Fowle is reportedly already out of the country, and according to CNN, the news of his release was only made public after the plane he was on landed in Guam. State Department spokeswoman Marie Harf said, according to NBC News, Fowle has been seen by a doctor already and appears to be in good health.
The North Korean government arrested Fowle on suspicion of trying to proselytize more Christian followers through the act of leaving his Bible behind. While there are many state-run churches within North Korea, the government does not allow independent religious activities to take place for fear of undermining their authority. Independent religious activities are considered any actions pertaining to a religious organization which is not under the control of the North Korean government.
While the White House welcomed the news of Fowle’s release and thanked the Swedish government for their part in securing transport for Fowle out of North Korea, officials are still working on arranging the release of Americans Matthew Miller and Kenneth Bae from the country.
“While this is a positive decision by the DPRK,”said the State Department, according to the Guardian, “we remain focused on the continued detention of Kenneth Bae and Matthew Miller and again call on the DPRK to immediately release them.”
Bae was arrested by the North Korean government under charges of “hostile acts to bring down the government.” The government claims he was part of a Christian based plot to overthrow the North Korean government.
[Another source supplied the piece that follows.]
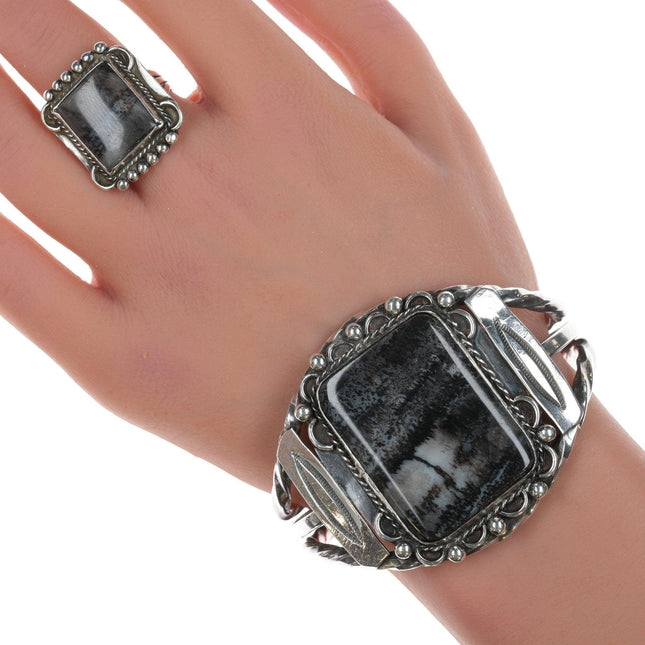6,25" 40er-50er Navajo-Armband aus Silber und Achat mit Ring der Größe 7,75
Bae, as well as the other prisoners, was allowed an interview with CNN, and Bae reported he was being held in a labor camp where he worked six days a week for eight hours.
The charges Miller is facing are not clear as he told the CNN interview he would find those out when he went to trial. As of now, the North Korean government is accusing him of tearing up his tourist visa, but whether this is true or not and what charges might arise from this, are unclear.
The State Department and government are still trying to make a deal for the secure release of the Bae and Miller.